Innovative Solution for Treating Hypervolemia in Patients with End-Stage Renal Disease.

Abstract

Introduction: Fluid overload (FO) is a prevalent and serious complication of end-stage chronic kidney disease (ESRD). Its most dramatic manifestation is acute and life-threatening pulmonary edema. It is also associated with a high rate of morbidity and mortality in these patients. On the other hand, maintaining a state of hydration and optimal volume in these patients remains the major challenge of renal replacement therapies. We report an emerging technological approach to achieve "fluid neutrality" in patients with ESRD. It is a portable and intelligent ultrafiltration device called MorWAK (Moroccan Wearable Artificial Kidney). It was designed to detect, quantify, and treat daily FO using the principle of ultrafiltration through a semi-permeable membrane. Its operating principle is based on the use of accordion-shaped suction bellows, already used in surgery, as an ultrafiltration pump. The two aims of this study were to explore the functioning of the suction bellows (establishment of a mathematical equation) and to test the performance of MorWAK in vitro using bovine whole blood.

Methods: The first part of the study involved measuring the pressure within the bellows as a function of the volume added after depression at the start of the experiment. The second part consisted of five ultrafiltration sessions on bovine whole blood bags. The blood pump was set to a constant flow rate of 120 mL/min. Blood pressure was kept constant, at approximately 80 mm Hg, during the five experiments by positioning the blood bag at 50 cm height. In all our experiments, we used a polyethersulfone membrane of 1 m2 and a standard suction bellows of 800 mL capacity. Ultrafiltration was compensated by concomitant controlled saline infusion.

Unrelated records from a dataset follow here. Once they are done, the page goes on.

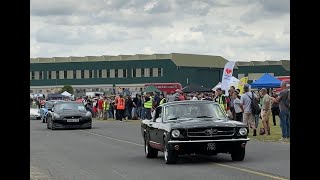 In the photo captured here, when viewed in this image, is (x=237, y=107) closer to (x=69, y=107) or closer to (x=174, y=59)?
(x=69, y=107)

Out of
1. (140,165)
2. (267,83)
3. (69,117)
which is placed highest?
(267,83)

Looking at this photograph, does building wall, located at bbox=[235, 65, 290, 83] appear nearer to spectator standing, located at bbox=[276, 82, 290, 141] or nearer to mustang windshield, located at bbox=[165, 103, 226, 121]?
spectator standing, located at bbox=[276, 82, 290, 141]

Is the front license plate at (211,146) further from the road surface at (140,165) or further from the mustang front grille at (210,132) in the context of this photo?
the road surface at (140,165)

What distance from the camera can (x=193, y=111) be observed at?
1548 centimetres

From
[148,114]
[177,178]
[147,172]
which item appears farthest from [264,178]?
[148,114]

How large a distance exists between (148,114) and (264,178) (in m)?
29.0

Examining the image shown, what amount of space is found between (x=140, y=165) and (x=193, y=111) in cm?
191

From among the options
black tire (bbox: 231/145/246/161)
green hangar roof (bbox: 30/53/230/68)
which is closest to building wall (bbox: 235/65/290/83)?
green hangar roof (bbox: 30/53/230/68)

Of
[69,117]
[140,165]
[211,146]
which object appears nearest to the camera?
[211,146]

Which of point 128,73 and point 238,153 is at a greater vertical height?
point 128,73

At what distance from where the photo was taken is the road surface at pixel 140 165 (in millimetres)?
12336

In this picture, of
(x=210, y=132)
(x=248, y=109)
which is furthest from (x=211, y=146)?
(x=248, y=109) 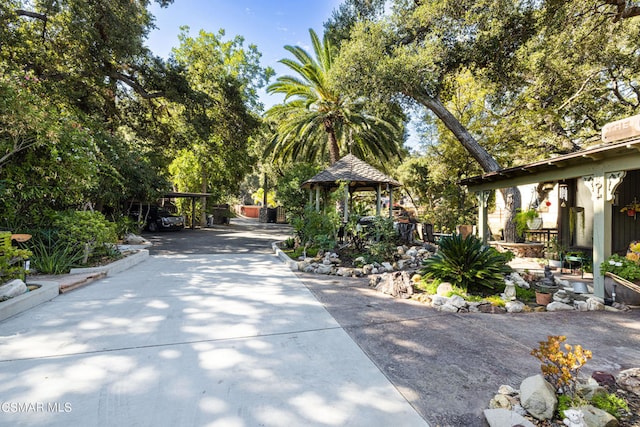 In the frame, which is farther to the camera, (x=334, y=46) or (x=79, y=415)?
(x=334, y=46)

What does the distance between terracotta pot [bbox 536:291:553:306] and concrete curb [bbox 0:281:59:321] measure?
7.42 meters

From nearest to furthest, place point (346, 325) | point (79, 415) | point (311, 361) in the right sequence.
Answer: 1. point (79, 415)
2. point (311, 361)
3. point (346, 325)

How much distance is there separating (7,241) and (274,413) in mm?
4696

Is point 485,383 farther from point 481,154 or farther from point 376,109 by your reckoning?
point 376,109

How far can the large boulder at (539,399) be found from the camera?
1965 millimetres

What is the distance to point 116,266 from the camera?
6.59 meters

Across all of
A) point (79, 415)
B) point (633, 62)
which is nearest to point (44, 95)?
point (79, 415)

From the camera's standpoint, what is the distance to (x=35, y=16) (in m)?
8.83

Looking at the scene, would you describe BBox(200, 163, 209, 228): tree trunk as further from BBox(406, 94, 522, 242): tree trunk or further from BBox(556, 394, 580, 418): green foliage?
BBox(556, 394, 580, 418): green foliage

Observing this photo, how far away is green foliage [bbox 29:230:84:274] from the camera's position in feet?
19.0

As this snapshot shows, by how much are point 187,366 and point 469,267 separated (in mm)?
4488

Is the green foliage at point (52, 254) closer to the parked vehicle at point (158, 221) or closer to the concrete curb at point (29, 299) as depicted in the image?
the concrete curb at point (29, 299)

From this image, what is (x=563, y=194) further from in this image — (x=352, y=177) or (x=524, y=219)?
(x=352, y=177)

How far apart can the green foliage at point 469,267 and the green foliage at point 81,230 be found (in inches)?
275
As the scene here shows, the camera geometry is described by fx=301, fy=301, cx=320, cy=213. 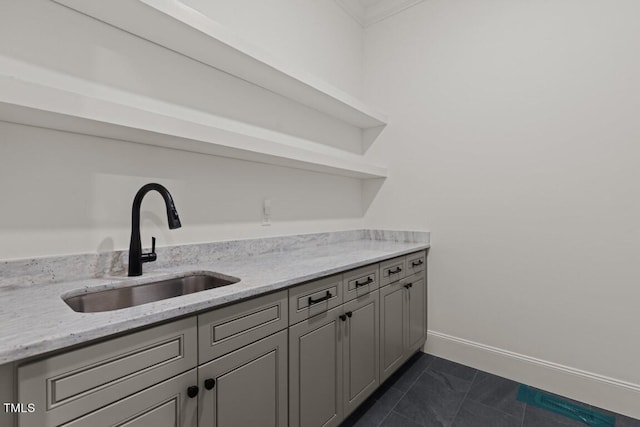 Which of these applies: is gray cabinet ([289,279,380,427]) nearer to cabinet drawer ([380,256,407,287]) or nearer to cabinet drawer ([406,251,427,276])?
cabinet drawer ([380,256,407,287])

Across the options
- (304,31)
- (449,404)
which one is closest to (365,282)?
(449,404)

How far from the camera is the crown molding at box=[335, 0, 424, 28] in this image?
2.68m

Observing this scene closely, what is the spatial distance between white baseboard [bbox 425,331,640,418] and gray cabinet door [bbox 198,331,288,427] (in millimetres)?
1688

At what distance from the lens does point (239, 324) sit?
1077 mm

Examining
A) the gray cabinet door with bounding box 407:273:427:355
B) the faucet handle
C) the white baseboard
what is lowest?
the white baseboard

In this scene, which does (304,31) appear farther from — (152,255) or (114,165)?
(152,255)

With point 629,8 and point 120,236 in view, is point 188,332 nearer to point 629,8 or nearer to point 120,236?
point 120,236

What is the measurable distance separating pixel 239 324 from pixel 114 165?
37.2 inches

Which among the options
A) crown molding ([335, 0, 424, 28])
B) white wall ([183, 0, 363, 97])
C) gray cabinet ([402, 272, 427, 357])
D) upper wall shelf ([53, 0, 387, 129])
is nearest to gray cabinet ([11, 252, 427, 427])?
gray cabinet ([402, 272, 427, 357])

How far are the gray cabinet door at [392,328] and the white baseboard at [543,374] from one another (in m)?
0.54

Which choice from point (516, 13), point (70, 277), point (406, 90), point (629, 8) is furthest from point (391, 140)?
point (70, 277)

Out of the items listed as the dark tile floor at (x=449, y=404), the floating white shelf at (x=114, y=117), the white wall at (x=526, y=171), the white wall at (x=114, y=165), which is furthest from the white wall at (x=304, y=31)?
the dark tile floor at (x=449, y=404)

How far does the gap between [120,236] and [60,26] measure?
2.93ft

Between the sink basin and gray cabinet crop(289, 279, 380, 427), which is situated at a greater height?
the sink basin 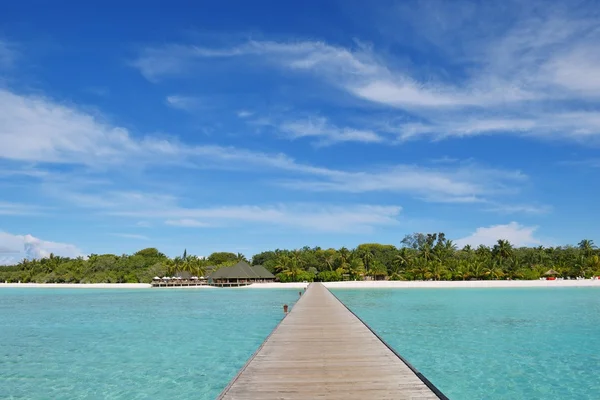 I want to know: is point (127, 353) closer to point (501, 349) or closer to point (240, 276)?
point (501, 349)

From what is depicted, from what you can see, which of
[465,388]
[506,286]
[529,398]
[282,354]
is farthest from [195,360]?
[506,286]

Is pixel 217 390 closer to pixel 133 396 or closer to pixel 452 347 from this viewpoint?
pixel 133 396

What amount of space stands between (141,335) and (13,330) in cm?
888

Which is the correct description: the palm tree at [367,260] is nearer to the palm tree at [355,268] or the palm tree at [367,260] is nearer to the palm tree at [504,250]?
the palm tree at [355,268]

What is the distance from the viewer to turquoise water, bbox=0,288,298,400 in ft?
41.3

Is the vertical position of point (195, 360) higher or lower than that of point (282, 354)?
lower

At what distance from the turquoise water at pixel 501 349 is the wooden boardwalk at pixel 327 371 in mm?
2725

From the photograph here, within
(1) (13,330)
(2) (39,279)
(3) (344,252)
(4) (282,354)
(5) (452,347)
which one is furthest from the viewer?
(2) (39,279)

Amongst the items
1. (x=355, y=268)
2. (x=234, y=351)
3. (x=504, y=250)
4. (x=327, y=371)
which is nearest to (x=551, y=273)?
(x=504, y=250)

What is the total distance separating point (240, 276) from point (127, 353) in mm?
53925

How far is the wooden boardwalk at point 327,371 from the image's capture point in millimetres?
7676

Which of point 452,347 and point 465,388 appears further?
point 452,347

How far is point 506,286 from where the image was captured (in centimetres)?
6044

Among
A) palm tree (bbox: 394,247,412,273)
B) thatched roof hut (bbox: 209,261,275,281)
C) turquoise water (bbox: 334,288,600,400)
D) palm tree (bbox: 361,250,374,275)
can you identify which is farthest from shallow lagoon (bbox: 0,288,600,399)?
palm tree (bbox: 361,250,374,275) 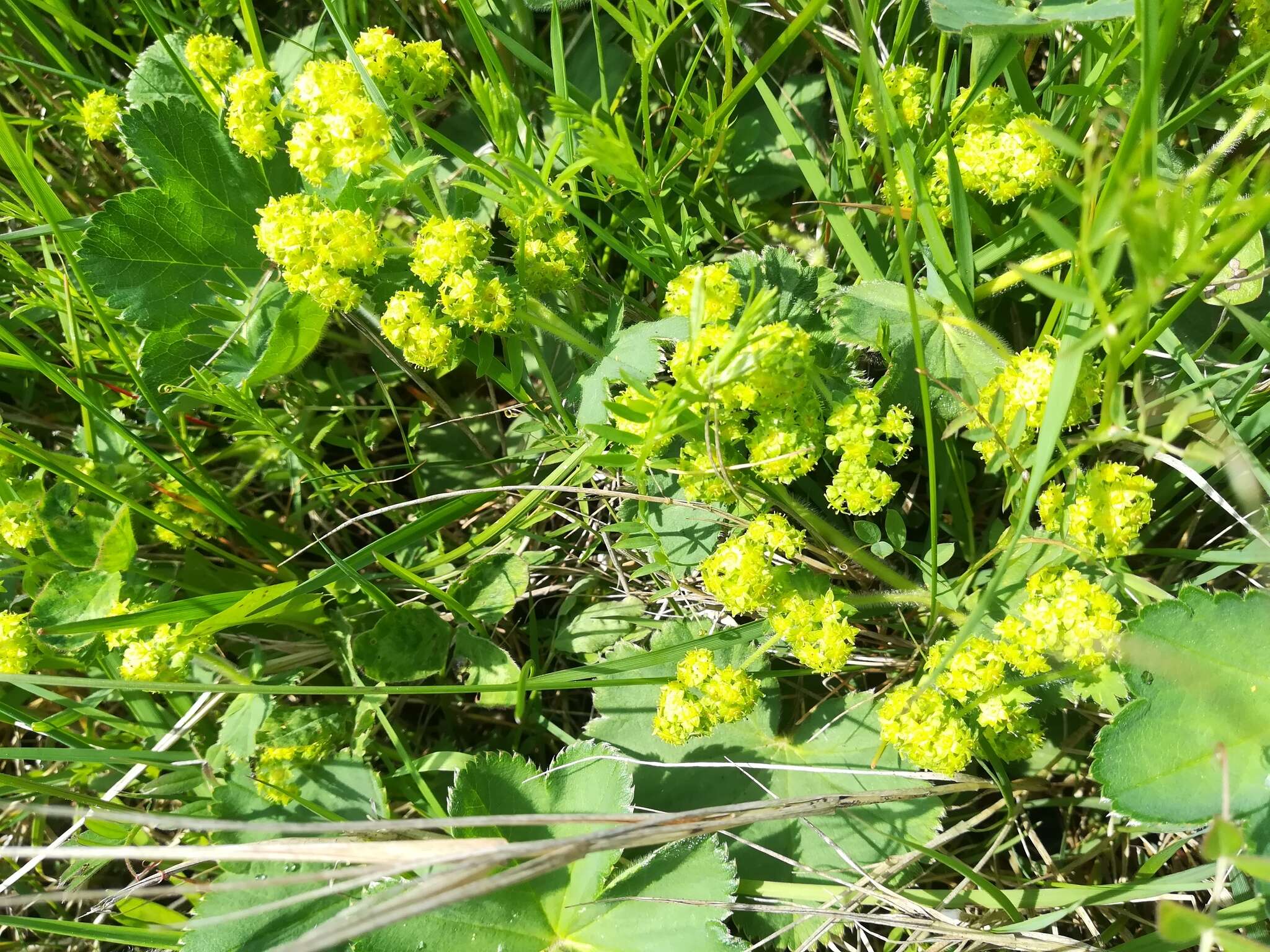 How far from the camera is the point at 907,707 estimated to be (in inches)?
85.9

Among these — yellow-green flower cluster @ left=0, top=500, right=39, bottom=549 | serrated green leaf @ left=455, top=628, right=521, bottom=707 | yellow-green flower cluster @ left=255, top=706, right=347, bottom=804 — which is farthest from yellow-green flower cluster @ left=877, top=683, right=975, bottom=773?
yellow-green flower cluster @ left=0, top=500, right=39, bottom=549

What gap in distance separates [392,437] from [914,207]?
2.21 m

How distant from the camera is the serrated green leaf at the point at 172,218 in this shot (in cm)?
304

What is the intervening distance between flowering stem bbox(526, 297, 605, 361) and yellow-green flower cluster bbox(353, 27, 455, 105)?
0.66 metres

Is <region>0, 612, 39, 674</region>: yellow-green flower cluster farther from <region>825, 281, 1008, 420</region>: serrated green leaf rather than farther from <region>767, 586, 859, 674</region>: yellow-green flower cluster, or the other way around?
<region>825, 281, 1008, 420</region>: serrated green leaf

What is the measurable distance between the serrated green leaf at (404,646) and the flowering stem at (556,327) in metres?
1.16

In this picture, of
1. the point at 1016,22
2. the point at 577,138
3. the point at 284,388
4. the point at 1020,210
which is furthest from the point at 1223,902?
the point at 284,388

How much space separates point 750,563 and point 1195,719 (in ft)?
3.78

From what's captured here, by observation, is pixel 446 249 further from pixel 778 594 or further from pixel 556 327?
pixel 778 594

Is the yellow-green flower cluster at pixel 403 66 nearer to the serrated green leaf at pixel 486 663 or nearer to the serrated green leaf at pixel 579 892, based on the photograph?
the serrated green leaf at pixel 486 663

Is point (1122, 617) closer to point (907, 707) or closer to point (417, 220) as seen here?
point (907, 707)

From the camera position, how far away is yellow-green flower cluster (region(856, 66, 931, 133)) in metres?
2.67

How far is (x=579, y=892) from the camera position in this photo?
9.14ft

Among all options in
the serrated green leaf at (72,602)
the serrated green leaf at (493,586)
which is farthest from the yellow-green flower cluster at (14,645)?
the serrated green leaf at (493,586) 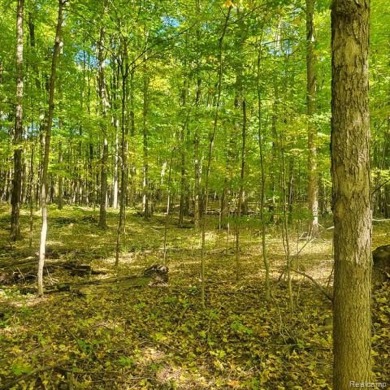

Results: The equation describing the evolution of pressure inside the suction bellows as a function of the volume it received was P_i = P₀ [1 - ln (V_i)/ln (V₀)]. P_i is the pressure inside the suction bellows at a time t, V_i is the volume of saline solution inside the suction bellows at the time t, P₀ is the maximum depression reached during the contraction of the suction bellows, and V₀ is the volume of the bellows at rest (ln: natural logarithm). In the second part of the study, the pressure inside the suction bellows had the same profile as during the previous experiment (logarithmic curve) up to the zero value (0 mm Hg). Then, it followed a linear curve parallel to the accumulation of the liquid by ultrafiltration in the suction bellows. When the blood pressure and the pressure inside suction bellows became equal, the ultrafiltration stopped. The mean final ultrafiltered volume was 854.23 ± 95.12 mL during a mean session duration of 28.33 ± 7.85 min. The mean difference between this volume and the theoretical volume calculated based on transmembrane pressure (TMP), ultrafiltration coefficient (K_UF), and membrane area was 3.22 ± 0.57 mL.

Conclusion: This profile is very interesting since it perfectly mimics the profiles described in blood volume monitoring systems used currently. The final prototype of the device will include tools for measuring blood density, electrodes for measuring electrolytes in the ultrafiltrate, and solute injection systems coupled with algorithms. This will allow our device to perform almost all renal replacement therapies through a telemedicine platform, aiming to improve the survival and quality of life of patients. An animal study to confirm the efficiency and the safety of our device is planned.